— DATA FOR REVIEW —

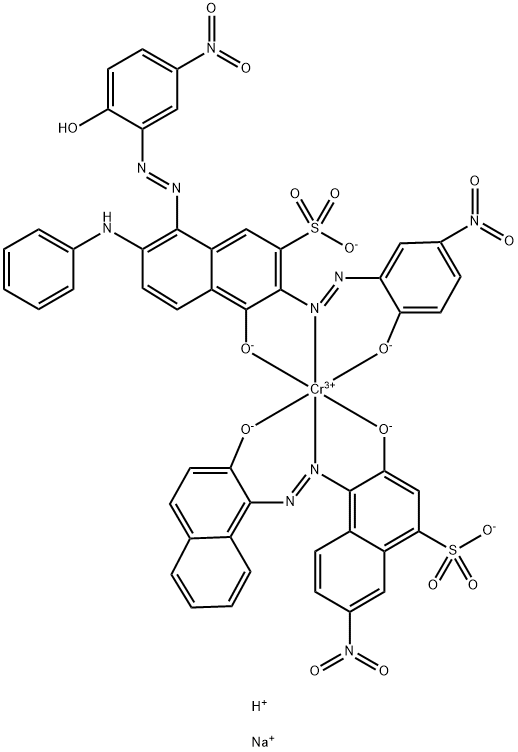 Chromate(3-), [3-(hydroxy-κO)-4-[[2-(hydroxy-κO)-1-naphthalenyl]azo-κN1]-7-nitro-1-naphthalenesulfonato(3-)][4-(hydroxy-κO)-3-[[2-(hydroxy-κO)-5-nitrophenyl]azo-κN1]-8-[(2-hydroxy-5-nitrophenyl)azo]-7-(phenylamino)-2-naphthalenesulfonato(3-)]-, sodium dihydrogen Struktur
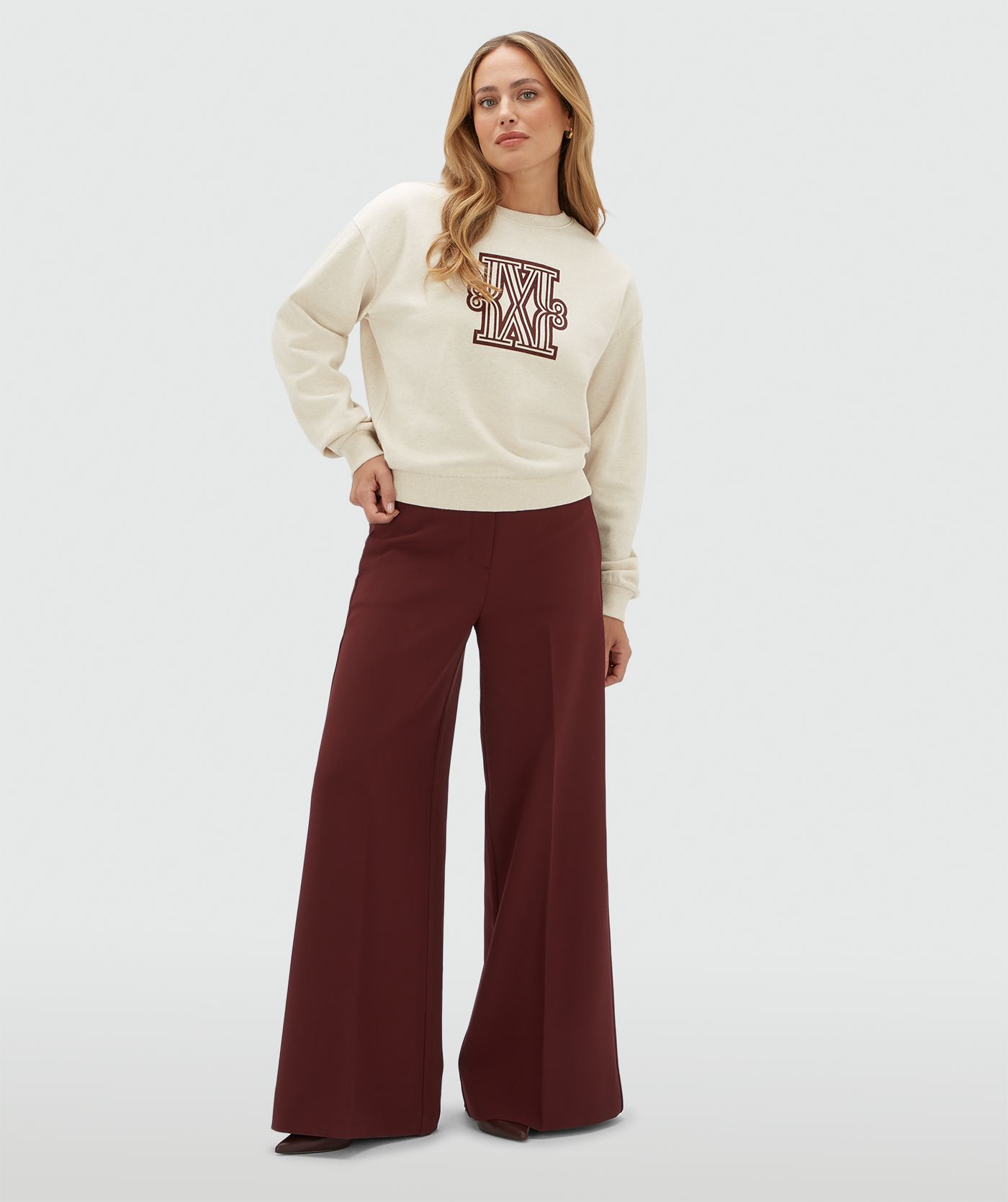 JV-TAKUMI oversized sweater met logo - ecru melange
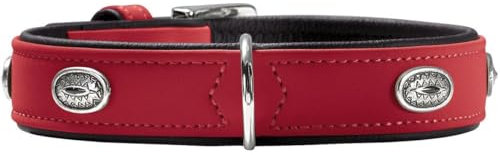 HUNTER SOFTIE STONE Hundehalsband, Kunstleder, mit Applikationen, pflegeleicht, 60 (M-L), rot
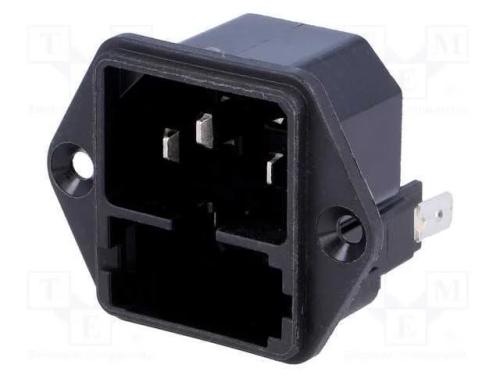 Conector: de alimentação, tomada, macho, 10A, 250.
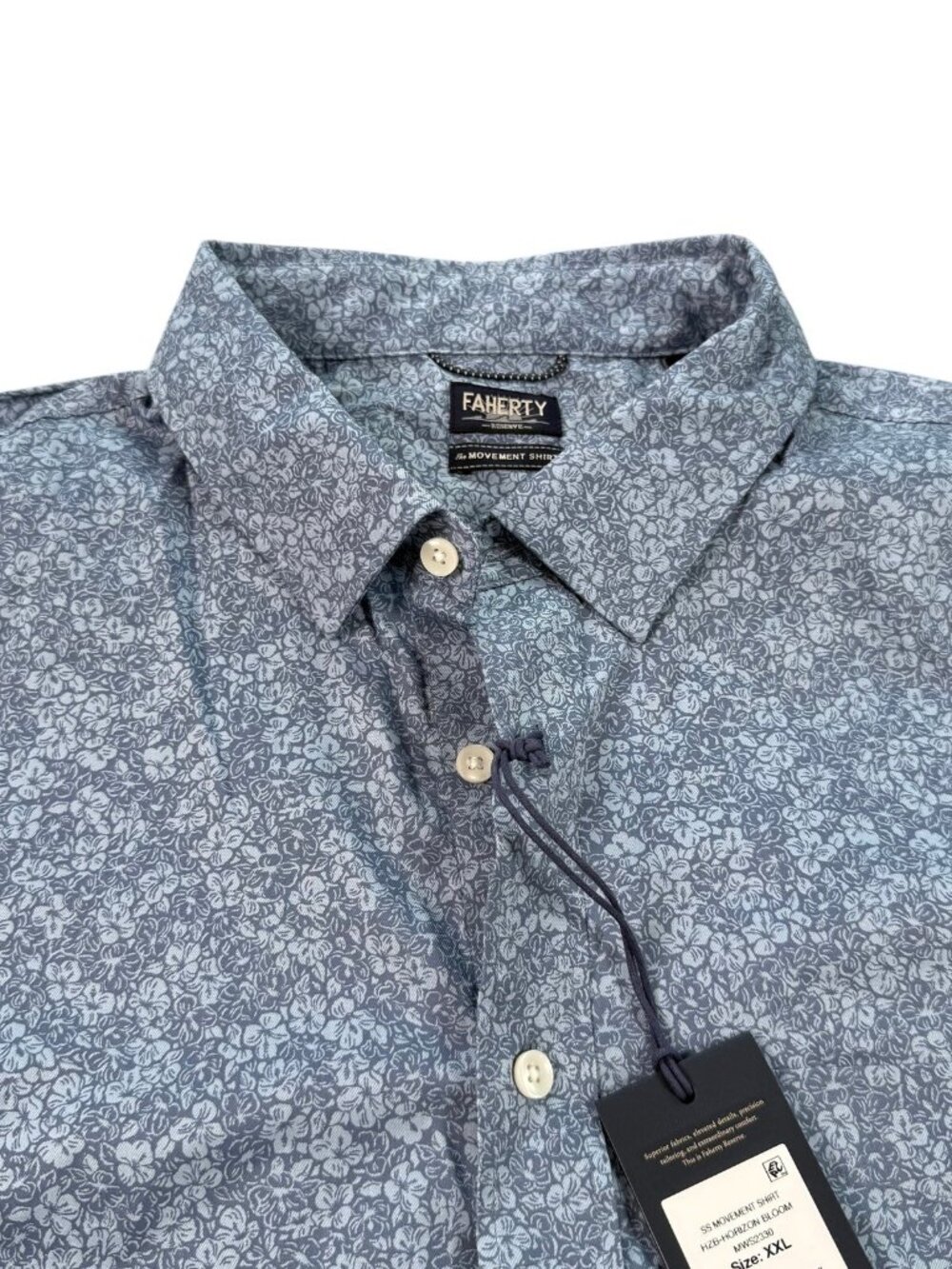 Faherty SS Movement Shirt Horizon Bloom Floral Men's 2XL Blue NWT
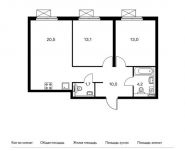 2-комнатная квартира площадью 62.9 кв.м, Полярная ул, 25с17 | цена 9 164 530 руб. | www.metrprice.ru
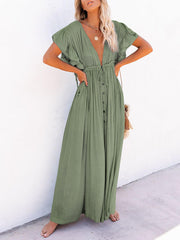 Linen Button Down Withdraw Maxi Dress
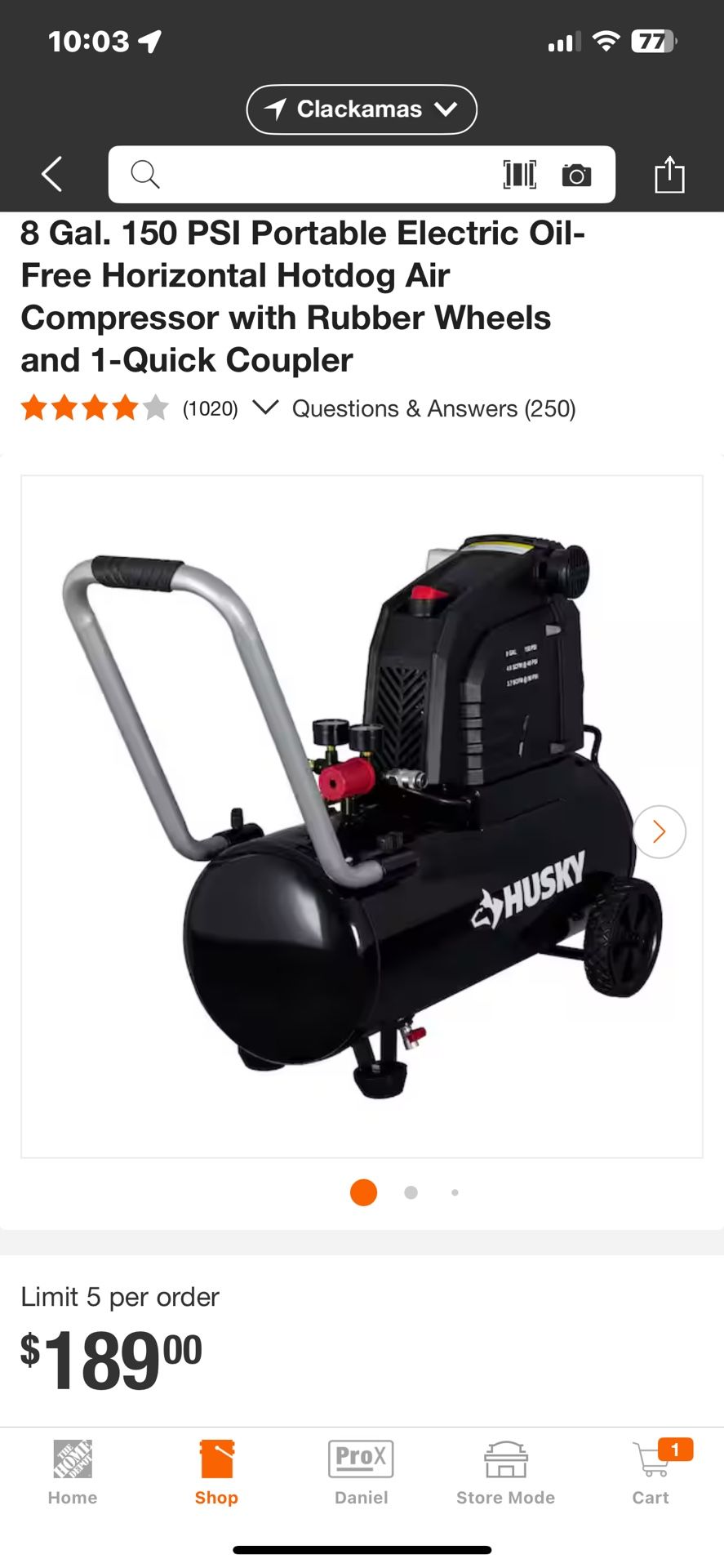 Husky 8 Gallon Air Compressor 8 Gal. 150 PSI Portable Electric Oil-Free Horizontal Hotdog Air Compressor with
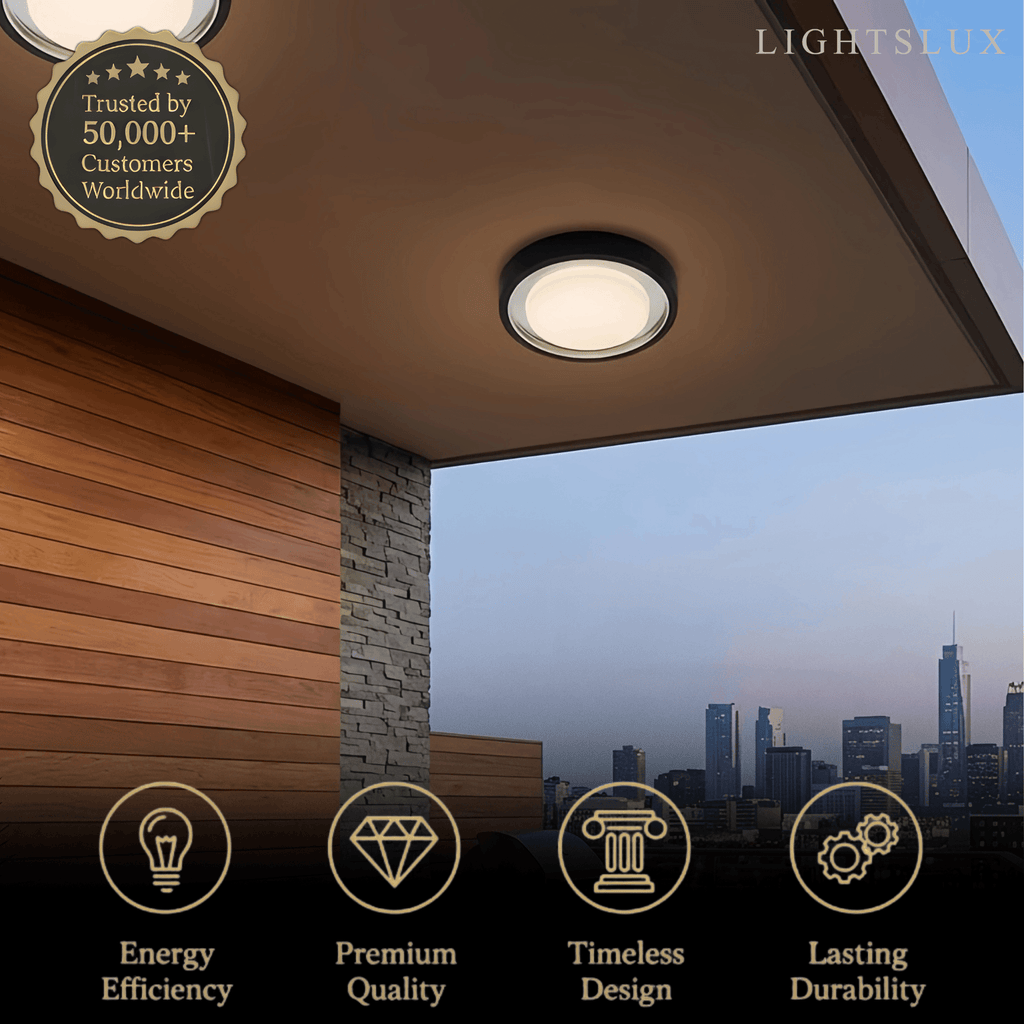 Modern Outdoor Wall Lamp - Black Metal & Acrylic Round Design for Garden - Flindria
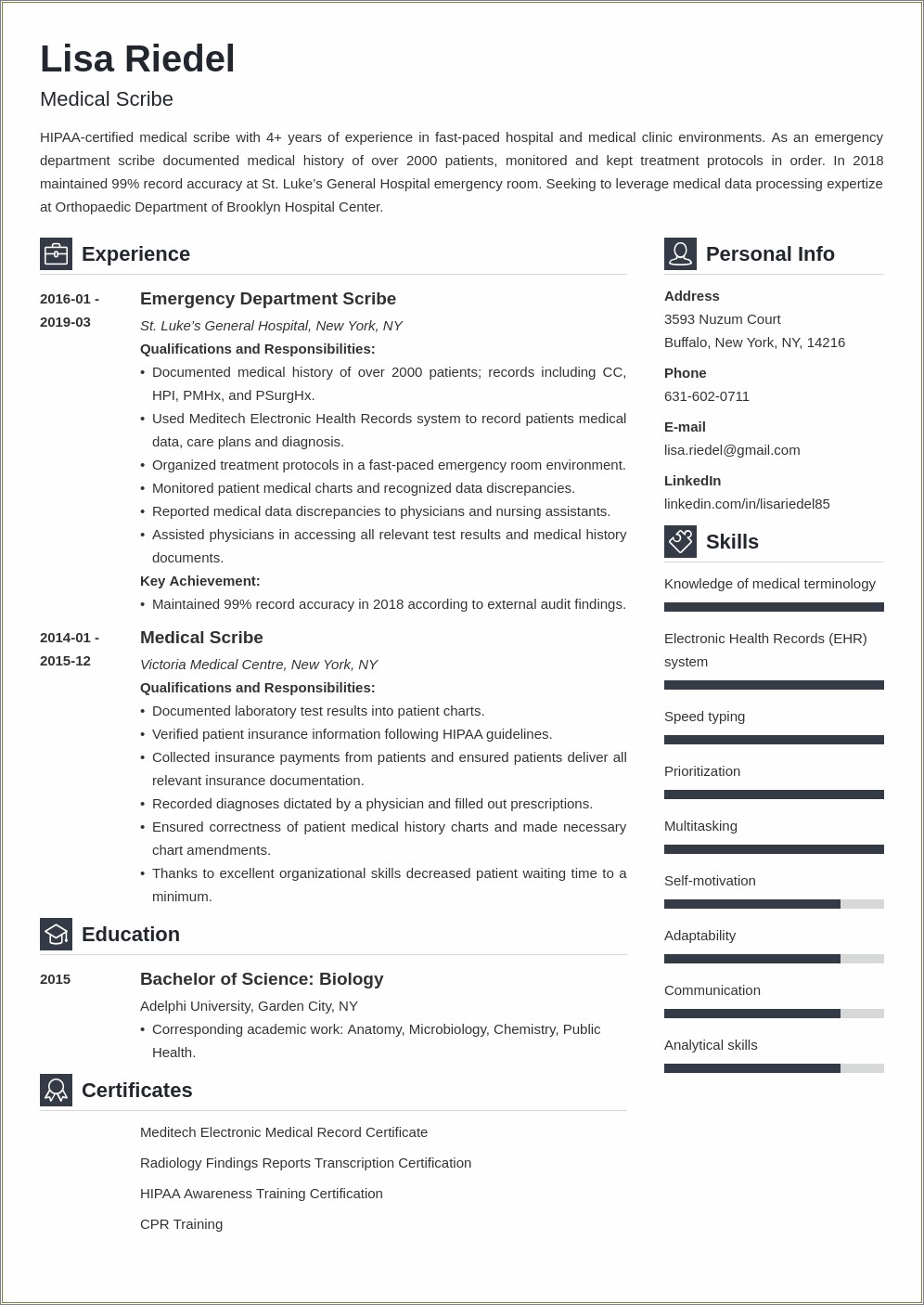 Skills To Put On Resume For Scribe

— WHAT THE TASK REQUIRES —
In transcribing the lines above, omit the images and keep all else exact.

— OUTPUT OF THE TASK —
 Chromate(3-), [3-(hydroxy-κO)-4-[[2-(hydroxy-κO)-1-naphthalenyl]azo-κN1]-7-nitro-1-naphthalenesulfonato(3-)][4-(hydroxy-κO)-3-[[2-(hydroxy-κO)-5-nitrophenyl]azo-κN1]-8-[(2-hydroxy-5-nitrophenyl)azo]-7-(phenylamino)-2-naphthalenesulfonato(3-)]-, sodium dihydrogen Struktur
 JV-TAKUMI oversized sweater met logo - ecru melange
 HUNTER SOFTIE STONE Hundehalsband, Kunstleder, mit Applikationen, pflegeleicht, 60 (M-L), rot
 Conector: de alimentação, tomada, macho, 10A, 250.
 Faherty SS Movement Shirt Horizon Bloom Floral Men's 2XL Blue NWT
 2-комнатная квартира площадью 62.9 кв.м, Полярная ул, 25с17 | цена 9 164 530 руб. | www.metrprice.ru
 Linen Button Down Withdraw Maxi Dress
 Husky 8 Gallon Air Compressor 8 Gal. 150 PSI Portable Electric Oil-Free Horizontal Hotdog Air Compressor with
 Modern Outdoor Wall Lamp - Black Metal & Acrylic Round Design for Garden - Flindria
 Skills To Put On Resume For Scribe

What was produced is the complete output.